The tap water ran warm. Ought she to boil water for the towel? On the fingers of one hand, she could count things her mother had mentioned to fit her daughter for life: eggs stayed fresher in their own carton in the refrigerator; glasses that held milk washed out more easily if you ran cold water in them as soon as they were empty; oranges squeezed better if you rolled them under your hand; a finger down the throat for too much alcohol. By herself, she had assimilated her mother's method of cooking leg of lamb. “That's all, folks,” she told her canine audience, who said nothing. When the phone rang, the two dogs looked at her questioningly, and she said, “You know who.”

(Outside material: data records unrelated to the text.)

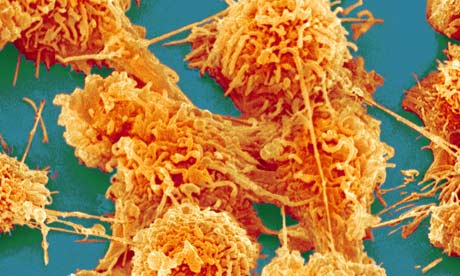 Cellules de cancer du colon grossissement 2000 (c) Corbis images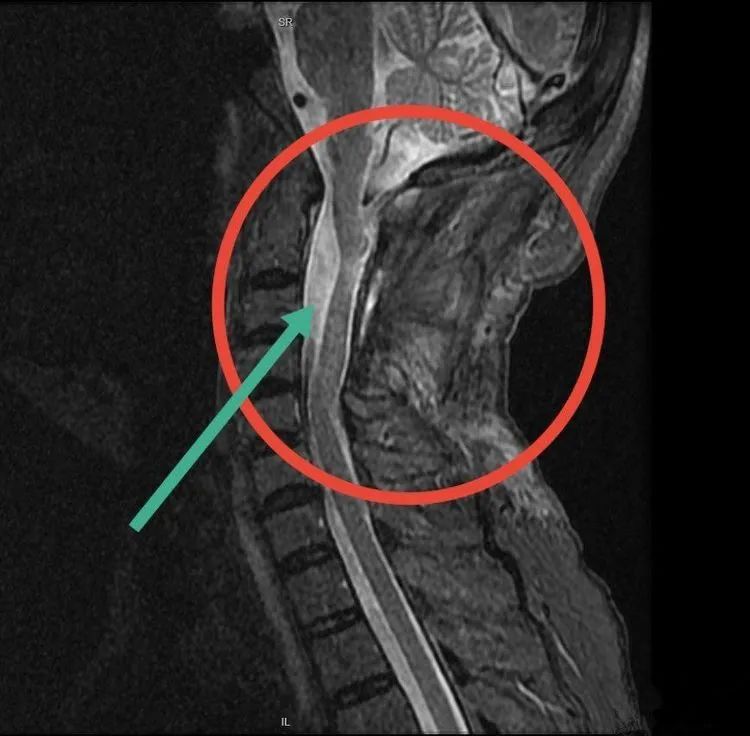 延安大学附属医院脊柱外科成功治愈一例上颈椎椎管内肿瘤患者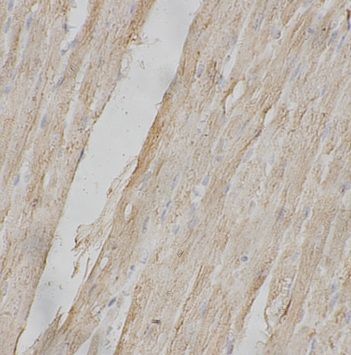 CLCN1 Antibody - BSA Free
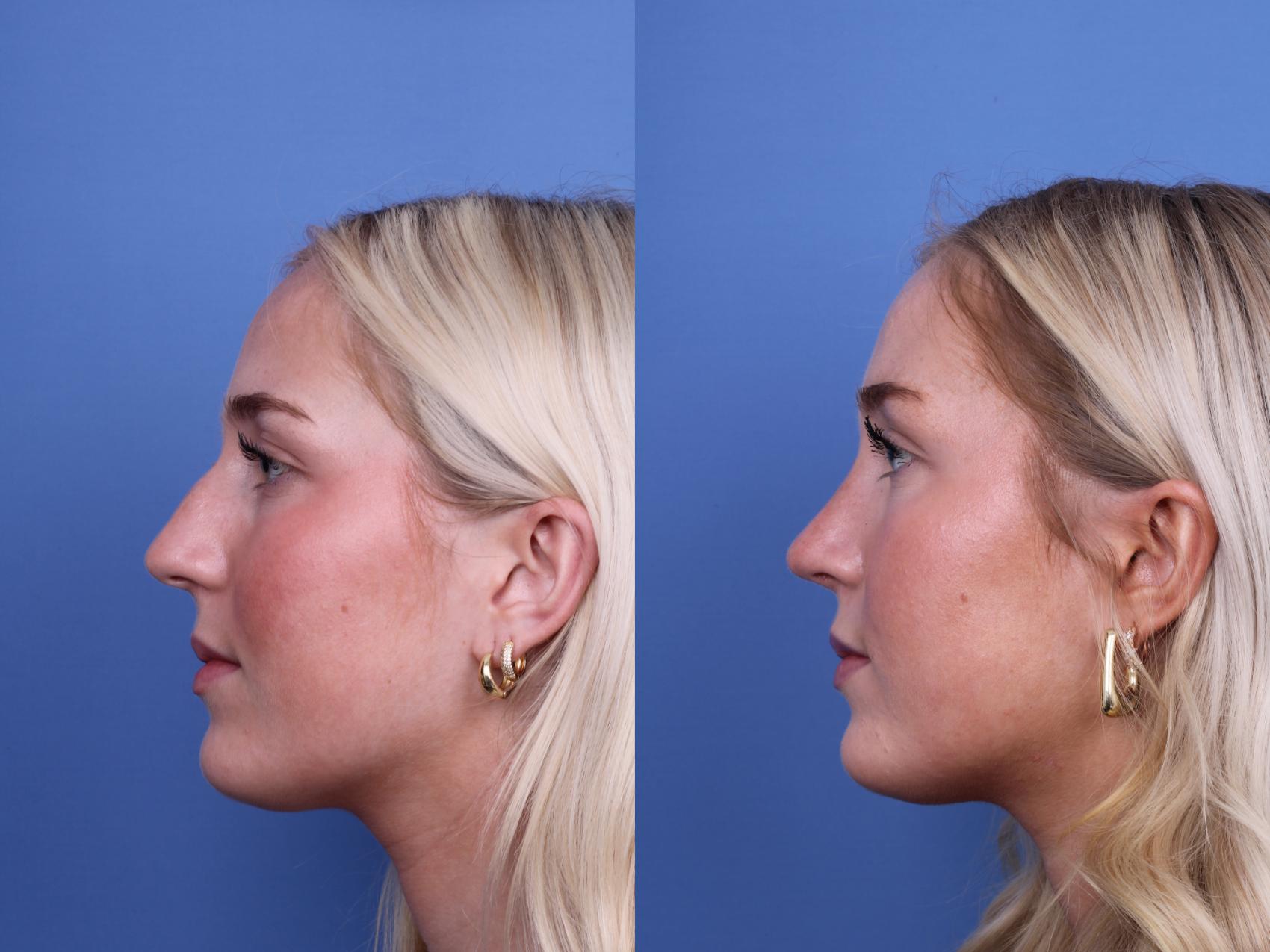 Before & After Rhinoplasty Case 700 Left Side View in Scottsdale, AZ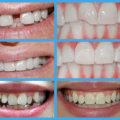 Is there another way to straighten teeth without braces?
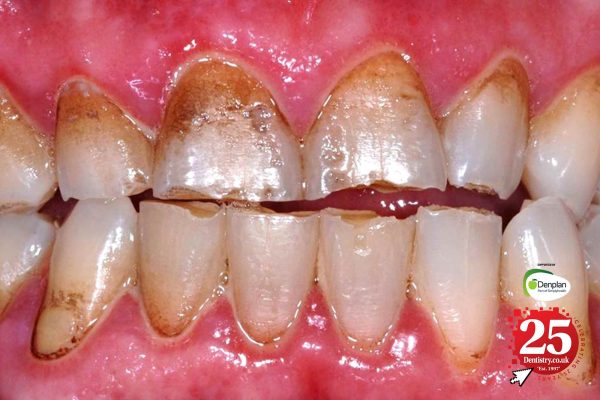 The history of oral health: a 25-year perspective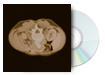 Molecular Imaging in Drug Discovery and Development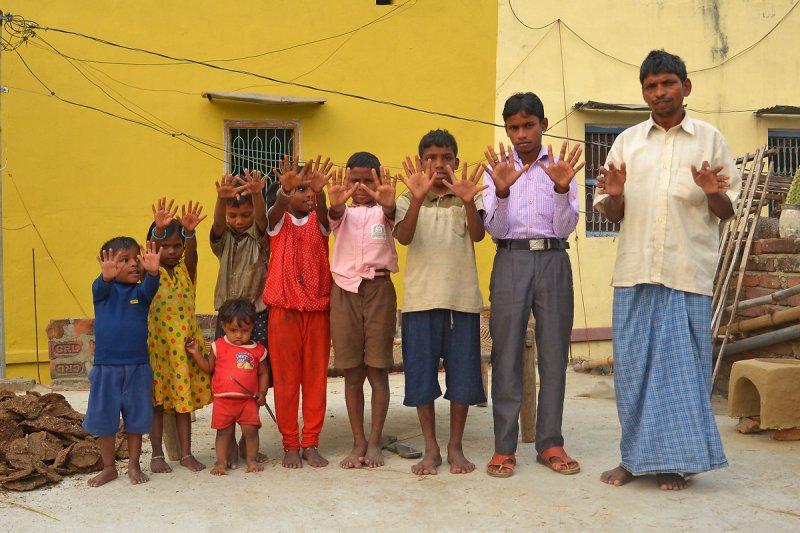 Hindistanlı Choudhary sülalesinin tamamı 6 parmaklı 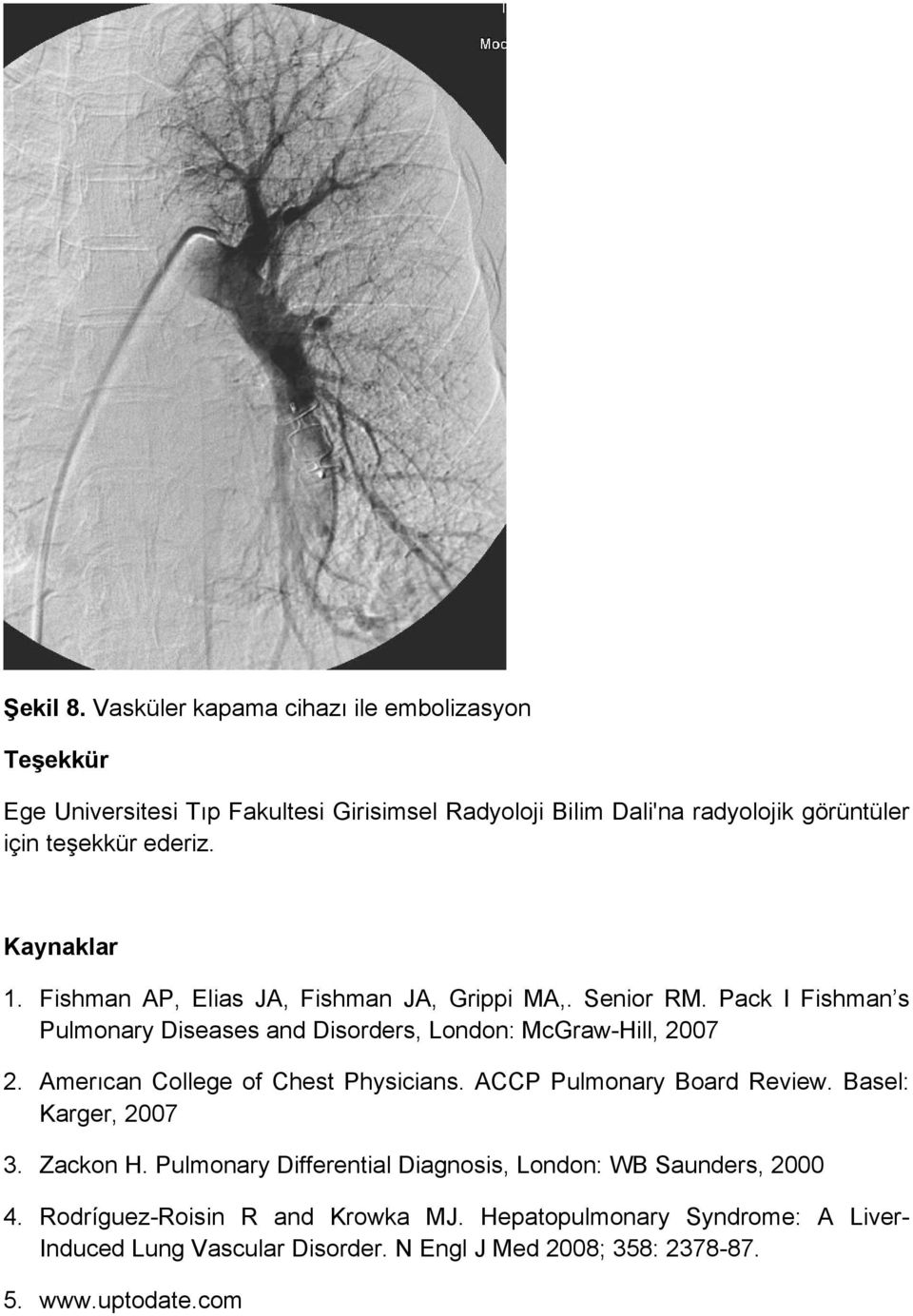 Kaynaklar 1. Fishman AP, Elias JA, Fishman JA, Grippi MA,. Senior RM. Pack I Fishman s Pulmonary Diseases and Disorders, London: McGraw-Hill, 2007 2.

“Did your mold come out all right?”

“I didn't know how hot's too hot.”

“What?”

“Nothing.”

Another smoke ring must have appeared; her mother puffed against the speaker. She would have pulled her dainty lady's chair close to the phone, her television turned to a soft pitch, her cigarettes and lighter handily nearby. Laurel said, “Mother, I've got to go. They'll be here soon, and I'm not dressed.”

“Go on. I'm not stopping you.” She hung up.

How did she always leave herself open to this? Laurel thought. Her telephone pad caught her eye. The message scrawled across a page looked as if some half-literate had written it. Only now the memory came back of a man phoning William. She had stood here last night trying to keep her voice on an even keel and trying to understand his words, though he seemed at the end of a long yellow funnel. She had been sober enough to realize she was crocked, and wondered if he could tell. She wrote the message over, hoping his telephone number was right. What scared her, though, was to think the whole incident had erased itself from her memory.

Sunday nights after Rick was asleep it was her habit to grow maudlin before TV, drinking Scotch and watching the Judy Garland show. She liked growing weepy and shedding tears. Judy, aging, was still her idol, the way she had been when Laurel was growing up star-struck in Tennessee and herself unable to carry a tune. Over the years, she and Rick always watched any rerun of
The Wizard of Oz
, and Laurel cried when Dorothy clicked her red heels and said twice, “There's no place like home.” After a while Rick began to wait for that moment, already turning to watch her, laughing at her as she laughed at herself, but always a little puzzled as to what caused those tears to course down his mother's cheeks. She knew she thought of the South as a home she had left. But wasn't there something else too?